BCP38 adoption "incentives"?

Does anyone know if any upstream and tiered internet providers include in their connection contracts a mandatory requirement that all directly-connected routers be in compliance with BCP38?

Does anyone know if large ISPs like Comcast, Charter, or AT&T have put in place internal policies requiring retail/business-customer-aggregating routers to be in compliance with BCP38?

Does any ISP, providing business Internet connectivity along with a block of IP addresses, include language in their contracts that any directly connected router must be in compliance with BCP38?

I've seen a lot of moaning and groaning about how BCP38 is pretty much being ignored. Education is one way to help, but that doesn't hit anyone in the wallet. You have to motivate people to go out of their way to *learn* about BCP38; most business people are too busy with things that make them money to be concerned with "Internet esoterica" that doesn't add to the bottom line. You have to make their ignorance SUBTRACT from the bottom line.

Contracts, properly enforced, can make a huge dent in the problem of BCP38 adoption. At a number of levels.

Equipment manufacturers not usually involved in this sort of thing (home and SOHO market) would then have market incentive to provide equipment at the low end that would provide BCP38 support. Especially equipment manufacturers that incorporate embedded Linux in their products. They can be creative in how they implement their product; let creativity blossom.
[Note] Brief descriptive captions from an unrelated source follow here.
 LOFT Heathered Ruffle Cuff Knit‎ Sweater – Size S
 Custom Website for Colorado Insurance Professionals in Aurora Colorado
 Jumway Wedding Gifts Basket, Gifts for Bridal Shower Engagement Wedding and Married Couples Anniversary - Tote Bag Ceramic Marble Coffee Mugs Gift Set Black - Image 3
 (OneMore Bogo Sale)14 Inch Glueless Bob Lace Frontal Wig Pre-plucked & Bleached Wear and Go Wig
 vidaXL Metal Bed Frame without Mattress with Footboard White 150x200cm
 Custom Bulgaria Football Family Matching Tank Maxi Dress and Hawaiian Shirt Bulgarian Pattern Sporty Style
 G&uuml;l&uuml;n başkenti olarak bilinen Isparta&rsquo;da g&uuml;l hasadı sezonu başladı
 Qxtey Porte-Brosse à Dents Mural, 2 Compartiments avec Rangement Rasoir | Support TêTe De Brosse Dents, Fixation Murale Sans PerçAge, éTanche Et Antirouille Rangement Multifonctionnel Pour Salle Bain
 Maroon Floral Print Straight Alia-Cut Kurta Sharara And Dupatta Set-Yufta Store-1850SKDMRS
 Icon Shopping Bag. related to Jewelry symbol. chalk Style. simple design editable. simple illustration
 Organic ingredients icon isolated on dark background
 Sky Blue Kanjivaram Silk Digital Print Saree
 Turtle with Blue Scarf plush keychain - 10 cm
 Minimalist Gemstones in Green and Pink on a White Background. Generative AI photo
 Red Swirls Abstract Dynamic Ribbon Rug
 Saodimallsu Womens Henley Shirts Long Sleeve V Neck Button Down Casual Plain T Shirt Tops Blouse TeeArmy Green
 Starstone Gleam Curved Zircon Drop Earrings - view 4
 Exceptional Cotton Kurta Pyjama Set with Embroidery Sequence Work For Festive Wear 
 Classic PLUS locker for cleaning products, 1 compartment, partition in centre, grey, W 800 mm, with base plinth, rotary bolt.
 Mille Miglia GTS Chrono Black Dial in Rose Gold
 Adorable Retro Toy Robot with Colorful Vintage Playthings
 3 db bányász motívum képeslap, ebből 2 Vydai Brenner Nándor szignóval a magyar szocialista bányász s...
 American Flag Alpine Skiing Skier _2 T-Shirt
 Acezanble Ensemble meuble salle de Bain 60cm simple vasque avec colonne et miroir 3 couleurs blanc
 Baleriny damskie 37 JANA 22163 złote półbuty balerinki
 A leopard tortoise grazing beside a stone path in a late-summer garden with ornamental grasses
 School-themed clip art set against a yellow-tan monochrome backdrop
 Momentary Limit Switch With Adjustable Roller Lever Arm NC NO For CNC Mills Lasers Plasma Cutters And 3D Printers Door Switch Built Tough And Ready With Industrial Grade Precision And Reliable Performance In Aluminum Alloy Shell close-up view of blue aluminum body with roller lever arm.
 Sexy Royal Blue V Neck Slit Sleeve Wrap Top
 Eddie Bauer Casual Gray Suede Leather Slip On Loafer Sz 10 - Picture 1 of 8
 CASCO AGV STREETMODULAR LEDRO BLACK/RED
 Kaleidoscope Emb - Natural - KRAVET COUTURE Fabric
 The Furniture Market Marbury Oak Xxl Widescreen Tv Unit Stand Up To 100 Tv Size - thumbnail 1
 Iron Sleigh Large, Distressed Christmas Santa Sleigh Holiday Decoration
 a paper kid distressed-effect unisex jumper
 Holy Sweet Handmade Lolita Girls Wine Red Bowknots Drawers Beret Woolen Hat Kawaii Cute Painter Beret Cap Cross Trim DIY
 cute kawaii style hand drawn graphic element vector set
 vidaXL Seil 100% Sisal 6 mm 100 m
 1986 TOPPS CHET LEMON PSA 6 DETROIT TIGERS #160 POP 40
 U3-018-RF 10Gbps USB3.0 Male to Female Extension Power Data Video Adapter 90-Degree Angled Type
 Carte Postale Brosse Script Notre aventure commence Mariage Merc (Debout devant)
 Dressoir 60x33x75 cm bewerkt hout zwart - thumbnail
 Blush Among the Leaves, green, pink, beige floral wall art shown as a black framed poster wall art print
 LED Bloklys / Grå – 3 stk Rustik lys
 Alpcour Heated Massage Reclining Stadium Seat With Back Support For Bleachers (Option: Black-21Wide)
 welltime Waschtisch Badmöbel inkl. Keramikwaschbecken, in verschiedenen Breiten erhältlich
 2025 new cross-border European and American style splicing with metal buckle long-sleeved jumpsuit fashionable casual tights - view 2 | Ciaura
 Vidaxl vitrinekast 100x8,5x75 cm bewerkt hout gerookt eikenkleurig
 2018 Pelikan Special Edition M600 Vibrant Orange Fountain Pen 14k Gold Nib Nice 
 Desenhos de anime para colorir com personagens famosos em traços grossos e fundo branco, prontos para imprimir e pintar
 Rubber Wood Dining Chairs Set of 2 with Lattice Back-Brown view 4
I know, I know, BCP38 was originally directed at Internet Service Providers at their edge to upstreams. I'm thinking that BCP38 needs to be in place at any point -- every point? -- where you have a significant-sized collection of systems/devices aggregated to single upstream connections. Particular systems/devices where any source address can be generated and propagated -- including compromised desktop computers, compromised light bulbs, compromised wireless routers, compromised you-name-it.

(That is one nice thing about NAT -- the bad guys can't build spoofed packets. They *can* build, um, "other" packets...which is a different subject entirely.)

(N.B.: Now you know why I'm trying to get the simplest possible definition of BCP38 into words. The RFCs don't contain "executive summaries".)

I'd say there is no way to actually achieve this. BCP38 non-compliance doesn't hurt the one not in compliance in any significant amount, it hurts everybody else.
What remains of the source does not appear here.